El desglose por sectores muestra que los principales impulsos provinieron de la minería, los servicios y la construcción, con alzas de 10.7%, 4.4% y 4.6%, respectivamente. En contraste, la manufactura local, las zonas francas y el sector agropecuario avanzaron solo 3.6%, 3.7% y 2.7%. Esa diferencia importa porque estos rubros han sido fundamentales para aumentar la productividad, diversificar la economía y fortalecer la capacidad exportadora del país, de modo que su menor ritmo abre una alerta sobre la calidad real del crecimiento.

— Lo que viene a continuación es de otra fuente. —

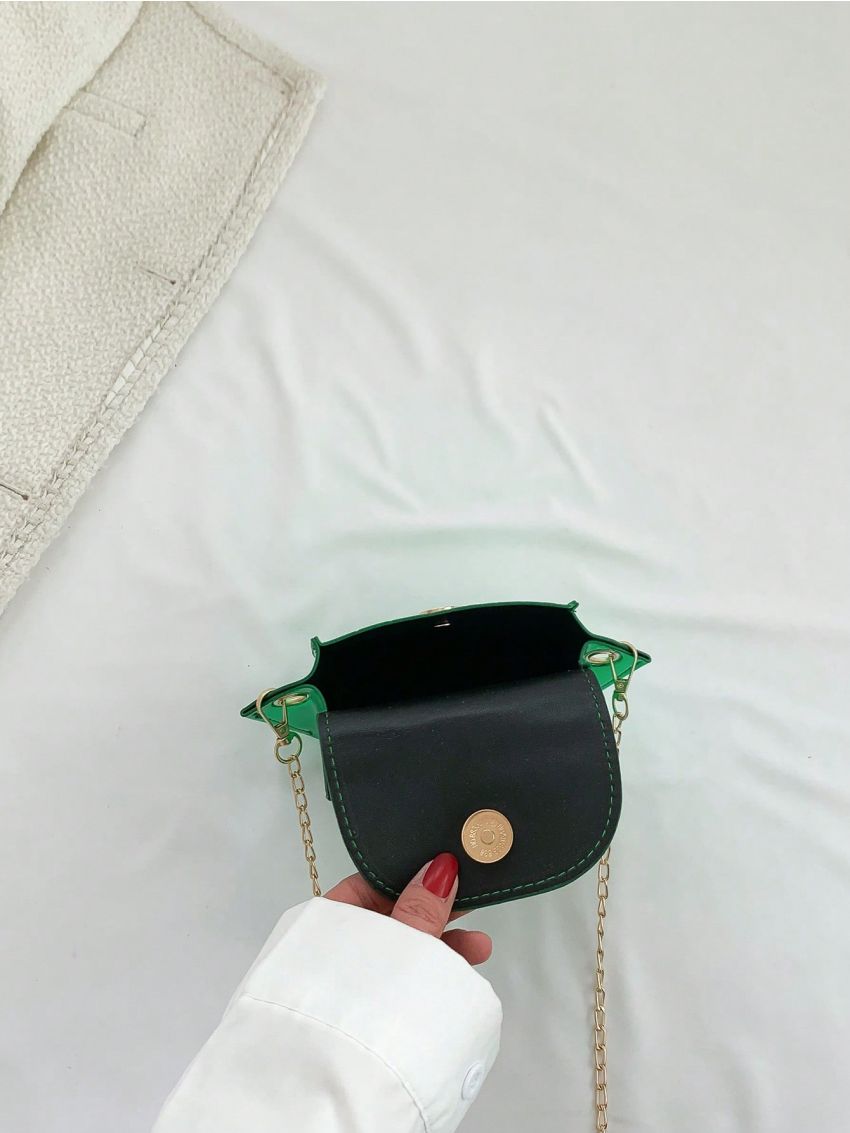 Mini Novelty Bag Crocodile Embossed Flap Chain Metallic PU Funky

El mayor empuje vino de la minería, beneficiada por los altos precios internacionales del oro. Aun así, es una actividad con vínculos internos limitados, poca generación de empleo y una fuerte exposición a factores externos, lo que reduce su capacidad para reflejar una fortaleza económica generalizada. Con ese panorama, el 4% total no despeja las dudas sobre la solidez del desempeño económico y reafirma la necesidad de observar qué tan sostenible puede ser un crecimiento sustentado en elementos que el país no controla.